PROBLEM REQUIREMENTS: Your job with the data below: print everything from the line that holds "小狗电器,小狗电器优点" down to the line that holds "陽(yáng)臺(tái)、廚房衛(wèi)生間等干區(qū)", ends included, exactly, and nothing else.

RECORDS:
───
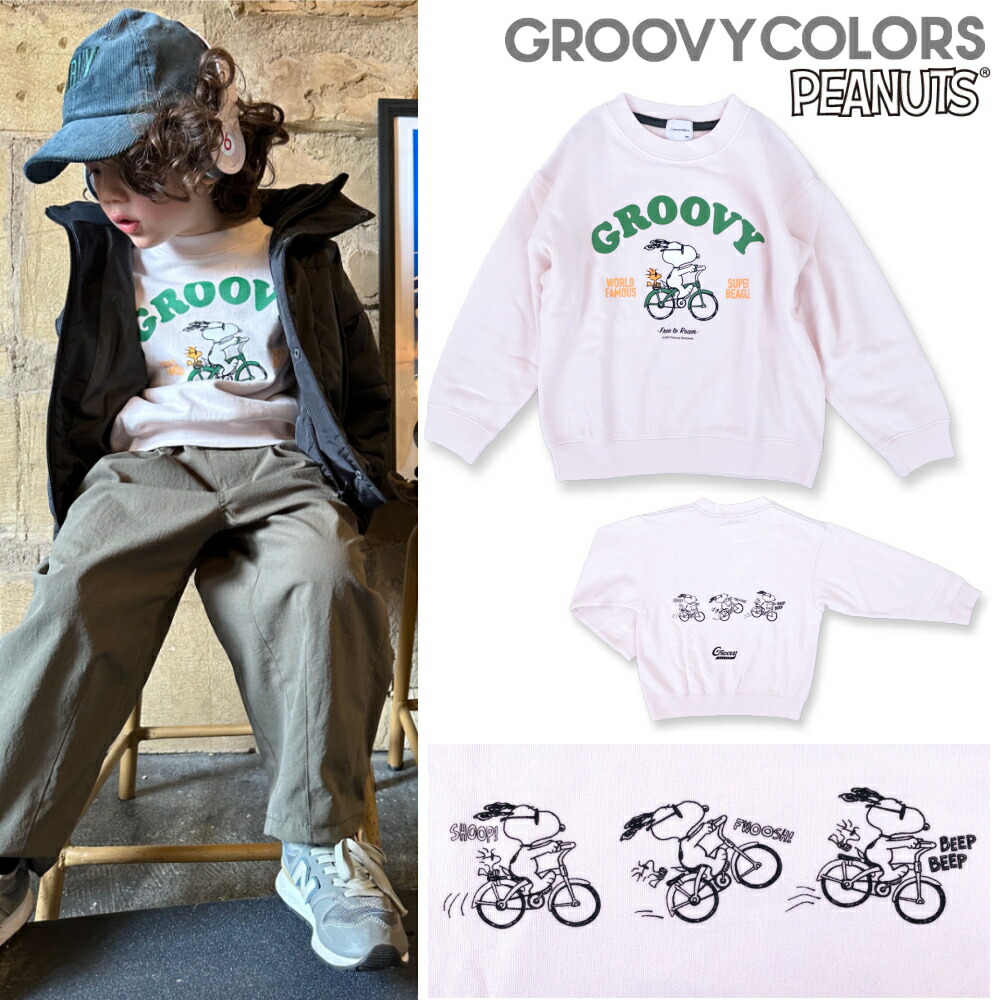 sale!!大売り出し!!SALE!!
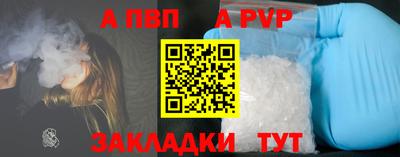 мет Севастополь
───
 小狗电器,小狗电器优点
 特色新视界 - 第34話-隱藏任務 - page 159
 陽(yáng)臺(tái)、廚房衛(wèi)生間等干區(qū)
───
ANSWER AREA:
 小狗电器,小狗电器优点
 特色新视界 - 第34話-隱藏任務 - page 159
 陽(yáng)臺(tái)、廚房衛(wèi)生間等干區(qū)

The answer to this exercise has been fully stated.